Published on

Practical Insights on AI Agent Frameworks and Orchestration

Authors
  • avatar
    Name
    Xiaoyi Zhu
    Twitter

"Environment is more important than experience." — Luo Fuli

I recently listened to a long form Chinese podcast featuring Luo Fuli, who was leading large model work at Xiaomi at the time. She talked through her hands on experience with OpenClaw and what it suggests about where AI engineering may be heading.

I do not want to pretend this post is a definitive framework. It is more like a set of notes I wrote for myself after the episode. The field is moving faster than I can comfortably keep up with, and writing is one way I force myself to slow down, understand what other people are seeing, and update how I work.

The conversation covered a lot, but the parts that stayed with me were practical: orchestration matters, memory matters, cost matters, and the surrounding system may matter as much as the model inside it.

The agent that changed how she worked

Luo’s first encounter with OpenClaw happened late one night during Lunar New Year. She installed it out of curiosity and ended up interacting with it until dawn. It was not flawless, but it felt unusually coherent. Within a few days, her relationship with the tool had shifted:

  • Day 1: The framework paid attention to contextual cues, like quietly appending the current time to each turn. That small detail made the conversation feel grounded.
  • Day 2: She started using it for parts of her daily work: team management questions, evaluating hiring candidates, and thinking through strategic problems. She began referring to it as a “digital clone.”
  • Day 3: It advanced her research by building a User Agent to simulate multi turn interactions for post training data generation.

What stood out to her was not only the underlying model. It was how the framework coordinated multiple models. It could route vision, reasoning, and code tasks to whichever model handled each part best, which helped compensate for individual weaknesses. She called the design “very, very clever” because it was built on models that were not necessarily at the frontier. The orchestration layer let a 3B parameter model perform well beyond what I would have expected from the model alone.

That point connects strongly with what I have been learning from building my own agent harnesses. I used to think mostly in terms of model capability. Now I am trying to think more in terms of the environment around the model: what context it sees, what tools it can use, how work is routed, and where the system stops it from drifting.

Memory and context as the quiet differentiator

Luo emphasized that an agent framework’s effectiveness depends heavily on how it manages context. OpenClaw’s memory system goes beyond a linear chat history. It maintains persistent memory across sessions, uses skill folders to store reusable prompts and workflows, and injects environmental signals like the current time into conversations.

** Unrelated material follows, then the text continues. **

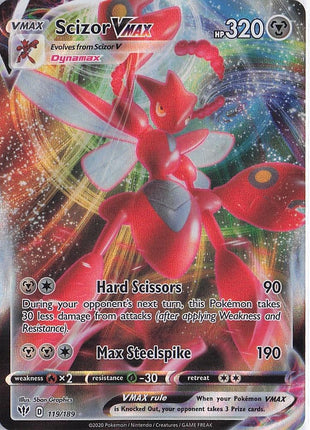 Scizor VMAX 119/189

None of this sounds flashy. But it is often the difference between a tool I experiment with once and a tool I start trusting for real work.

For developers evaluating agent frameworks, this feels like a useful question to ask early. Does the system retain context across sessions? Can I store project conventions and have them applied consistently? Can the agent remember the shape of my workflow, not just the last few messages in a chat? Without that, I suspect many systems hit a ceiling long before the model’s theoretical capability is reached.

Open source as a practical lever

Because OpenClaw is open source, Luo and her team could modify it directly. They sometimes used a top tier model to redesign the architecture, then swapped in smaller and cheaper models for daily use. That flexibility let them experiment with memory structures, scheduling, and multiple agent configurations in ways that would be hard to test inside a closed product.

The broader lesson is simple but important to me. With a closed agent tool, most of my control comes from prompting. With an open source one, I can adjust the internal logic. That matters when the use case does not fit the standard coding assistant template.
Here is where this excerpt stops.